Mailbag: Teachers laud Elks for dictionaries

I am a third-grade teacher at Verdugo Woodlands Elementary in Glendale, and I would like to thank the Glendale Elks Lodge 1289 and all of the donors for the 2,200 dictionaries they will pass out to third-graders in Glendale Unified School District.

I can't begin to tell you how invaluable these dictionaries are, especially in a time when so many people rely on technology to correct their spelling and grammar. It is a common scene in my classroom to see my students huddled together looking up a word for their writing. In the process, they discover a multitude of new words and excitedly share them with each other.

The dictionaries are truly appreciated by me and all of my colleagues. Thank you Glendale Elks Lodge 1289 and all of the donors!

Sheila Collison Galaz

La Crescenta

Reader spoke for many about biases

Thank you, Bill Weisman, for so beautifully expressing how many of us feel, and have felt for a very long time ("Bible text can be bent to match biases," Sept. 4).

And thank you, Glendale News-Press, for printing his letter.

Joanne E. Sargeant


Willful ignorance prevails in too many areas

Thanks for printing the letter "Bible text can be bent to match biases," by Bill Weisman on Sept. 4. It is a useful reminder of the danger posed by millions of American citizens believing that the Bible is divinely inspired.

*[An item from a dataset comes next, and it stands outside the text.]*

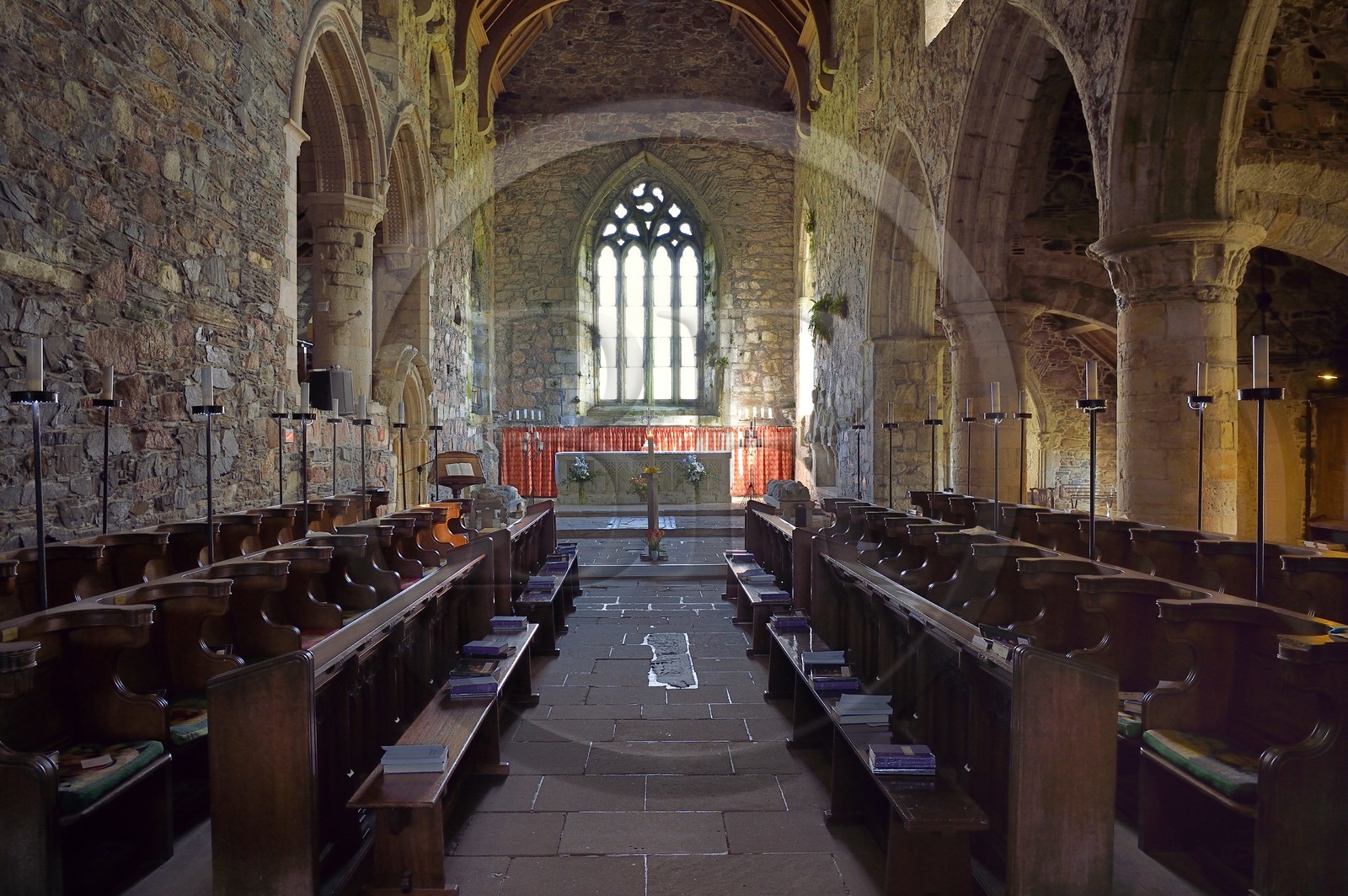 United Kingdom, Scotland, Highland, Inner Hebrides, Isle of Iona facing the Isle of Mull, Iona abbey founded by Saint Columba in the 6th century, the church (circa 1200)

To a person like myself, who has had schooling in science and engineering, the results are depressingly familiar: The opposition to legal abortions, sex education, birth control, evolution, the dismissal of ominous signs that global warming will ultimately destroy our planet, and the contempt of science in general, are all a result of this willful ignorance.

Two prominent believers, both "Tea Party" stalwarts, are particularly scary: Sarah Palin and Sherrie Angle. God (pun intended) help us if these people and their fellow travelers take over our government.

Steven Asimow


What are odds of success in Afghanistan, really?

Rep. Adam Schiff says that the L.A. Times, who editorialized against his bill allowing 48 hours of interrogation of suspected terrorists without a Miranda warning, has the right to be wrong ("Representative Schiff speaks to Kiwanis," Sept. 2).

I think Schiff is exercising that right in saying that after nearly 10 years of U.S. combat and civilian operations in Afghanistan, it is "still too early to tell whether efforts to stabilize the country are taking root."

He himself has visited Yemen, one of the several countries to which Al Qaeda has decamped, so knows better than to say we have degraded their capabilities in any serious way. Every U.S. bomb and bullet wins them more recruits, and they can operate almost anywhere.

Our commanders can dress it up with new verbiage, and they have, but we are still pursuing essentially the same strategy there, just more of it. More troops, more money, same Afghan government. As Schiff says himself, "epidemic corruption" prevents the democratic institutions that we fantasize for the country.

When your chosen dictator's own brother is so crooked he can't get a U.S. visa, that should tell you we are backing the wrong side, again.

Schiff says we will know "by this time next year" whether our so-far wasted efforts has suddenly worked; by this time next year I will know whether I have won a huge jackpot in the lottery, but what are the odds, really?

The "Blue Dog" Democrats, including Schiff, have pledged to support the pay-as-you-go act, which requires spending cuts or tax increases before passage of any new spending bill. I would like to hear from my representative his specific spending cuts or tax increases, equaling the several billions we continue to spend every week, and for going on 10 years, in Afghanistan.